Activists on both sides agree that a lot of Democrats are holding their breath over McCaskill's decision, which could come this summer or fall.
"There's a lot riding on this," said Ken Warren, a St. Louis University political scientist.
"Can you imagine how dirty this would be?" Warren said. "It'll be extremely dirty because first of all it's a dirty move to challenge the sitting governor of your own party."
`Democracy in action'
McCaskill, 49, shrugs off the notion that much is riding on her decision.
"Our two-party system was designed for us to disagree and have different opinions...and ultimately for everyone to vote," she said. "Democracy in action is the strongest democracy."
McCaskill's exposure to politics began at an early age.
In 1960, when she was 7 and living in the bedrock Republican town of Lebanon in south central Missouri, her parents sent her out for Halloween with instructions to say, "Trick or treat, vote for JFK."
Her father was a mill worker who later went into the insurance business and rose to serve as insurance commissioner under Gov. Warren Hearnes.
Her mother, Betty McCaskill, became the first woman elected to the Columbia City Council in 1968. A few years later, after she and her husband had moved to the Springfield area, she lost a race for state representative. Her opponent was Leroy Blunt, grandfather of Matt Blunt.
McCaskill says she didn't begin zeroing in on the governorship until she won the auditor's job, her first statewide office, in 1998.
"I assumed then that my run could occur in '08," she said.
Then Holden got off to a rocky start as governor: A $1 million inauguration gala that ran him into debt. An inaugural session as governor in which Republicans refused to pass Holden's top priority -- a major highway program.
And then, in Holden's second year, Republicans seized control of the House for the first time in half a century, giving them total control of the General Assembly.
Holden was tagged as an uninspiring leader. The phrase "OTB" began circulating for "One-Term Bob."
Convinced that Holden might be damaged goods, some Democrats began looking at other options. McCaskill, coming off her re-election win in 2002, was a logical choice.
In recent months she has hired a pollster, a fund-raiser and the same Washington-based media firm that handled Kathleen Sebelius' successful race for Kansas governor last year.
But she says she's in no rush to make a decision.
"It's really important that I get as much input as I possibly can," she said.
Of a potential campaign against a sitting governor, McCaskill says only that she would present a positive message for the future.
Uncharacteristically, she refused to comment on the likelihood of her candidacy. Many Democrats are convinced that she already is running. But others remain unsure.

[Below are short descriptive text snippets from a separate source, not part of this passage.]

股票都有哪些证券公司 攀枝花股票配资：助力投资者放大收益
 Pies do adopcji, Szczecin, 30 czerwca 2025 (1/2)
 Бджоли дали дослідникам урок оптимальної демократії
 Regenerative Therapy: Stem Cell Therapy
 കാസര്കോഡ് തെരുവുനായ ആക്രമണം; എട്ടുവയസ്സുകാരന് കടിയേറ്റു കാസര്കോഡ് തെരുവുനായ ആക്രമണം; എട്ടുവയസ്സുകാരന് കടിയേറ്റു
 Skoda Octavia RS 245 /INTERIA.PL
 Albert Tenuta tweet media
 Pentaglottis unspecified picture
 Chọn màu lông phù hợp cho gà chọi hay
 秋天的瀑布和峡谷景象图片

"I haven't seen anything yet that proves to me that she's in," said GOP strategist John Hancock.
Hancock acknowledges that Republicans would prefer to run against the sitting governor. "It would be hard to find candidates with worse numbers than Bob Holden," he said.
No new numbers
No media polls have been taken to measure a Holden-McCaskill match-up. Zogby International checked Holden's standing in February and determined that 45 percent of voters viewed him favorably while 39 percent saw him unfavorably.
The same survey showed 36 percent said the state was going the right direction.
Asked why she wouldn't wait four years, McCaskill said, "I can only tell you what people are saying to me, and that is Missouri can't wait four years."
McCaskill's prospects are iffy, pundits say. She'd be taking on an incumbent who can win favor through a myriad of powers -- appointments, appropriations, vetoes.
While Kansas City area voters know her, she is unfamiliar to much of the rest of the state.
"I would say she's not very well-known," said George Connor, a political scientist at Southwest Missouri State University.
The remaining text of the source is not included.